3.   Focus on having fun.

Sure, we all want to win, but we also need to enjoy the game. When you stop enjoying a sport, there is a good possibility you will stop participating in it. Also, a must-win-at-all-costs mentality can never bring anything good. So, it’s best to concentrate on improving your skills while also having fun.

Don’t define success only by winning but also by your capacity to improve a bit each time. And remember that no one has become a great athlete overnight. It takes time, patience, and setting realistic goals.
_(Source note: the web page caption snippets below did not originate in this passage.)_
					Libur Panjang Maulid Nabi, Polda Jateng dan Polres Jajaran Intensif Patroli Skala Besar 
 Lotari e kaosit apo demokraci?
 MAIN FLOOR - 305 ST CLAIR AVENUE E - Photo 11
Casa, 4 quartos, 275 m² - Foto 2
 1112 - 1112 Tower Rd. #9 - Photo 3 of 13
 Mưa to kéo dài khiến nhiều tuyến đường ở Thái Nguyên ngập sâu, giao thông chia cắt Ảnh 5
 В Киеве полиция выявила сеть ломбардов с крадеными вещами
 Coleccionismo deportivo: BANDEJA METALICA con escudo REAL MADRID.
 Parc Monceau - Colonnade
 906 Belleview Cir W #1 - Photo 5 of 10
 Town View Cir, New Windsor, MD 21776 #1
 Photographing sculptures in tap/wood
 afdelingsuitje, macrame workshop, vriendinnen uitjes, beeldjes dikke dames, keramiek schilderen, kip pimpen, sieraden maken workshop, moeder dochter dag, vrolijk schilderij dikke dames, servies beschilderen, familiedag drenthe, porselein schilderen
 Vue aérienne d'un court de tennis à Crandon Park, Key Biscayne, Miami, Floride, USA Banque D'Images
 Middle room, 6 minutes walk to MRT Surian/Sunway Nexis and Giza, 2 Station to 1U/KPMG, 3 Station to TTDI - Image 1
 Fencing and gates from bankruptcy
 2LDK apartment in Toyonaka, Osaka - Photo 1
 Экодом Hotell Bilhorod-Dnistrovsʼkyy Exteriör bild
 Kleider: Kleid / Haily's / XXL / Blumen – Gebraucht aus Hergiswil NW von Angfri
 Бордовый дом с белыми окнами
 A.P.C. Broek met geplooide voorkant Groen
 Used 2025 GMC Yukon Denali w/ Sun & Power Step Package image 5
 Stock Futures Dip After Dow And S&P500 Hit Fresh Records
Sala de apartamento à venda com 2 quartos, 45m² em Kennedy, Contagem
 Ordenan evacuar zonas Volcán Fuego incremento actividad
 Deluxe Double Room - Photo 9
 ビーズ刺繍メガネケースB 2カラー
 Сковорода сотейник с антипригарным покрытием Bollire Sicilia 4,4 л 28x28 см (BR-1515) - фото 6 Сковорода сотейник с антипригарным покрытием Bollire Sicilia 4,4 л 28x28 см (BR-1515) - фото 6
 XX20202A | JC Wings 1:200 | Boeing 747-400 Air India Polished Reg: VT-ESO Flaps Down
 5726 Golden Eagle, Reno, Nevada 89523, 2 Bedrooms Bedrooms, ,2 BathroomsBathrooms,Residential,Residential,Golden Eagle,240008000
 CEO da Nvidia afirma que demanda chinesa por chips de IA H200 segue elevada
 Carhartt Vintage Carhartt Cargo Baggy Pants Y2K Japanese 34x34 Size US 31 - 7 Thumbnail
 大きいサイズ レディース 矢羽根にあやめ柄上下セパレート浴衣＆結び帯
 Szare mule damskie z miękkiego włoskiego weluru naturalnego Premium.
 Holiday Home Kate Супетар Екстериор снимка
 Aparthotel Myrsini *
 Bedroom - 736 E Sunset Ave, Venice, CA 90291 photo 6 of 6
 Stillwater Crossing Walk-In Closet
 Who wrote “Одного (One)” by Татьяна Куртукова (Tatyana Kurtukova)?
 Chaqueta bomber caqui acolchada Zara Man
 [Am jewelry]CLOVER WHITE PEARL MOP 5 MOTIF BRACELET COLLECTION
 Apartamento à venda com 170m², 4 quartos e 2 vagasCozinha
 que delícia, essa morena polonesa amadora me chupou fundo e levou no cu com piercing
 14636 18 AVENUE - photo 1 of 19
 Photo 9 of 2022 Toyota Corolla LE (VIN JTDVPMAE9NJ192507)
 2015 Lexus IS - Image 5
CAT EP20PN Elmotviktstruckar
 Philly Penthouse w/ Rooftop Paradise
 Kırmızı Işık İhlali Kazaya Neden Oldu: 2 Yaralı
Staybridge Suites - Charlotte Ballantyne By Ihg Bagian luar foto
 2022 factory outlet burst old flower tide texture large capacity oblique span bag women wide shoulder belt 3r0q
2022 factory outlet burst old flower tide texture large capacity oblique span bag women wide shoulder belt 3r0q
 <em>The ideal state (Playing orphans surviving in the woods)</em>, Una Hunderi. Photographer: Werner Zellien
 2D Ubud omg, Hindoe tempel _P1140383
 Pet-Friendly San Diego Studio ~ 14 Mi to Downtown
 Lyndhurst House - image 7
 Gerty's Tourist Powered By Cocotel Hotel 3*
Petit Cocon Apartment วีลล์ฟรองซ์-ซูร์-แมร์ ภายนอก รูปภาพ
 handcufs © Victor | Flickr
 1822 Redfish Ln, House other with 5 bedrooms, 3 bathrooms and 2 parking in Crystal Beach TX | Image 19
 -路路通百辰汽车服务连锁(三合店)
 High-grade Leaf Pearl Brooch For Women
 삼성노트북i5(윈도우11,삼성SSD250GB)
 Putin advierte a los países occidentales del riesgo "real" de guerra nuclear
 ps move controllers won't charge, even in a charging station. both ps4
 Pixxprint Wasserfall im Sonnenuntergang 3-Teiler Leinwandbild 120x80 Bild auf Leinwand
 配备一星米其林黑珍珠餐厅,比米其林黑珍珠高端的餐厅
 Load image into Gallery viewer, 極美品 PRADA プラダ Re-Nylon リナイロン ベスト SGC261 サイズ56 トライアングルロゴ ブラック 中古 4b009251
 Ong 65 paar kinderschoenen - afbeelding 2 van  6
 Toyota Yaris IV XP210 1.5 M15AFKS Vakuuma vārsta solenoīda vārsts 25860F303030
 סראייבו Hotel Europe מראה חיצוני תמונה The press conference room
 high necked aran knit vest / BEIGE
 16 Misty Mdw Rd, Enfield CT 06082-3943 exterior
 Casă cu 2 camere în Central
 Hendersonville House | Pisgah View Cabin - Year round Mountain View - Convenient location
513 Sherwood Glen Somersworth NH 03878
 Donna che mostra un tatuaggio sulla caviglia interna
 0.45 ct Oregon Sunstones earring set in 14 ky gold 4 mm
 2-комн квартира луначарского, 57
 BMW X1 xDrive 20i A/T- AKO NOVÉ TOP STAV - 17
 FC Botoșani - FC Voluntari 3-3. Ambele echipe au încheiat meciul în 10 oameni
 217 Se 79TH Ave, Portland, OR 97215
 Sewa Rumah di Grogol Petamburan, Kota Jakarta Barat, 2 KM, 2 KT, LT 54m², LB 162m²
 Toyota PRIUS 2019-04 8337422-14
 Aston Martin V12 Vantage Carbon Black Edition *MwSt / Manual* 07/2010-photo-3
4.   Participate in multiple sports.

There is a wrong perception regarding participating in multiple sports and specialization. For instance, some people believe that if you want to become a great athlete, you need to start training very young and in only one sport. That can’t be further from the truth. In reality, young children should be encouraged to try out multiple sports and pick the one they like the most. When children have a voice in whatever sport they will participate in, they grow more committed. As a result, the possibility of becoming successful also grows.

So, never pick a sport because you have to, but because you enjoy it. Also, try out as many sports as it takes until you find the one that suits you, and the results will start appearing soon enough.

5.   Take a break.

After each training session, your need to rest and recover. That is the way our bodies work. Unfortunately, many athletes don’t understand the importance of rest and tend to train too hard for too long. As a result, they reach burnout within a year. One of the ways to keep athlete burnout at bay is to recognize when you need to rest. After a marathon, for instance, or after a season, you should always take some time off to focus on relaxing and letting your body recover. So, put your training equipment away for the time being. For peace of mind, consider storing everything in a storage unit to keep your items safe while you aren’t using them. If you don’t want to stop training completely, you will still have access to the equipment whenever you need it. You only need to keep everything neat and nicely organized. If you aren’t exactly sure how to go about it, take the time to learn how to do it like a pro.

6.   Stay organized

Another way to avoid athlete burnout is to keep track of your performance and stay organized. For example, keep note of every aspect of each of your workouts, including distance, pace, and intensity, as well as heart rate, resistance, and fatigue levels. That way, you monitor your evolution and know if you can increase the duration or intensity or you should decrease it. Also, limit training to a maximum of 20 hours per week with an hour and a half per session, and take at least one or two days off weekly. This way, you can avoid ever reaching burnout.

Conclusion

For young athletes, burnout has become more and more of a worry. They are exhausted emotionally and physically, as well as apprehensive and demotivated. However, you can prevent athlete burnout with proper planning and awareness of your needs. Nourish your body with good food and water, get enough sleep, and take breaks from time to time. And, most importantly, try to have fun when playing the sport.